INSERM, UMR1153, Epidemiology and Biostatistics Sorbonne Paris Cité Center (CRESS), METHODS team, Paris, France; French Cochrane Center, Paris, France; Direction de la recherche Clinique, Hôpital Foch, Suresnes, France.
INSERM, UMR1153, Epidemiology and Biostatistics Sorbonne Paris Cité Center (CRESS), METHODS team, Paris, France; French Cochrane Center, Paris, France; Centre d'Epidémiologie Clinique, AP-HP (Assistance Publique des Hôpitaux de Paris), Hôpital Hôtel Dieu, Paris, France; Paris Descartes University, Sorbonne Paris Cité, Faculté de Médecine, Paris, France.
J Clin Epidemiol. 2020 Jul;123:143-152. doi: 10.1016/j.jclinepi.2020.01.023. Epub 2020 Mar 4.
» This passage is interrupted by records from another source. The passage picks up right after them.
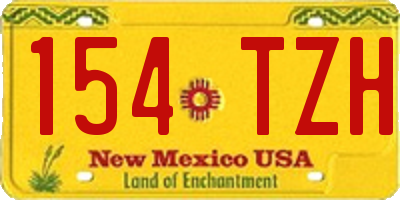 NM license plate 154TZH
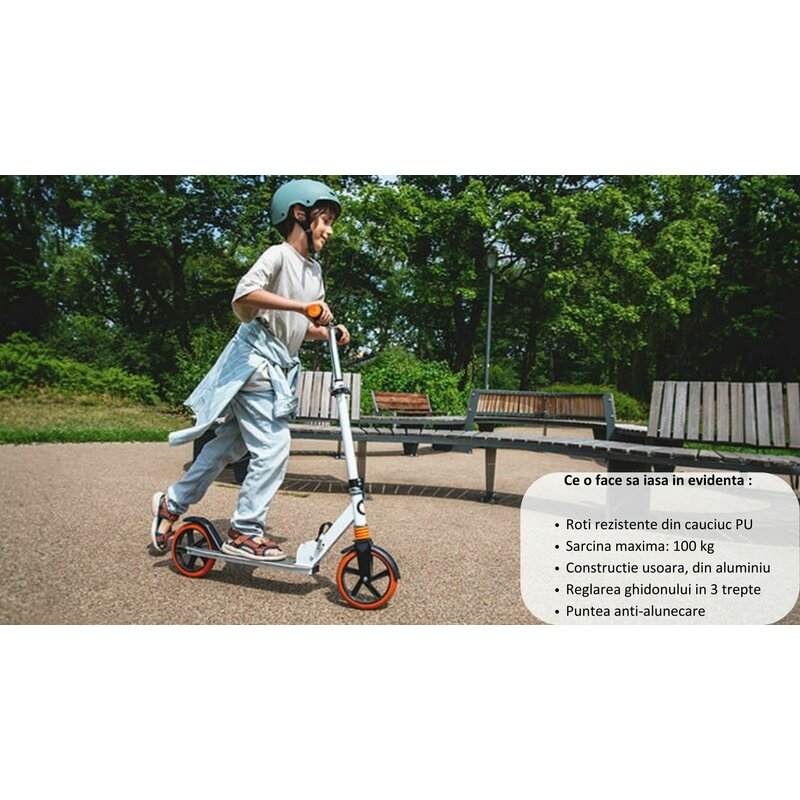 Trotineta, Lionelo, Luca, Pentru copii sau adulti, Ultrapliabila, Pana la 100 Kg, Conform cu standardul european de securitate EN14619, Portocaliu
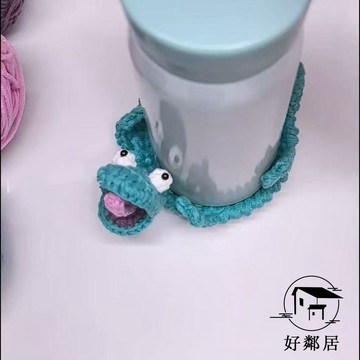 台灣出貨🔥手工系✂DIY創意鉤織 毛線編織  鉤織小物 小蜥蜴湯姆杯墊可愛小玩偶編織材料包毛線鉤針小動物手工自製HLJ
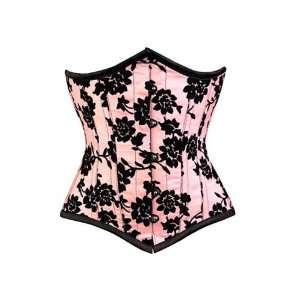 Very Elegant Light Pink in Black Floral Brocade Strapless Underbust in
To become user driven and more useful for decision-making, the current evidence synthesis ecosystem requires significant changes (Paper 1. Future of evidence ecosystem series). Reviewers have access to new sources of data (clinical trial registries, protocols, and clinical study reports from regulatory agencies or pharmaceutical companies) for more information on randomized control trials. With all these newly available data, the management of multiple and scattered trial reports is even more challenging. New types of data are also becoming available: individual patient data and routinely collected data. With the increasing number of diverse sources to be searched and the amount of data to be extracted, the process needs to be rethought. New approaches and tools, such as automation technologies and crowdsourcing, should help accelerate the process. The implementation of these new approaches and methods requires a substantial rethinking and redesign of the current evidence synthesis ecosystem. The concept of a "living" evidence synthesis enterprise, with living systematic review and living network meta-analysis, has recently emerged. Such an evidence synthesis ecosystem implies conceptualizing evidence synthesis as a continuous process built around a clinical question of interest and no longer as a small team independently answering a specific clinical question at a single point in time.
为了使用户能够驱动并更有助于决策,当前的证据综合生态系统需要进行重大变革(文献 1. 证据生态系统的未来系列)。评审人员可以访问新的数据源(临床试验注册处、方案和来自监管机构或制药公司的临床研究报告),以获取更多关于随机对照试验的信息。有了所有这些新的可用数据,管理多个分散的试验报告更加具有挑战性。新类型的数据也在不断出现:个体患者数据和常规收集的数据。随着需要搜索的不同来源数量的增加和需要提取的数据量的增加,这个过程需要重新思考。自动化技术和众包等新方法和工具应该有助于加速这个过程。这些新方法和手段的实施需要对当前的证据综合生态系统进行大量的重新思考和重新设计。最近出现了一种“活”的证据综合企业的概念,即活的系统评价和活的网络荟萃分析。这种证据综合生态系统意味着将证据综合概念化为一个围绕感兴趣的临床问题构建的持续过程,而不再是一个小团队在某个特定时间独立回答一个特定的临床问题。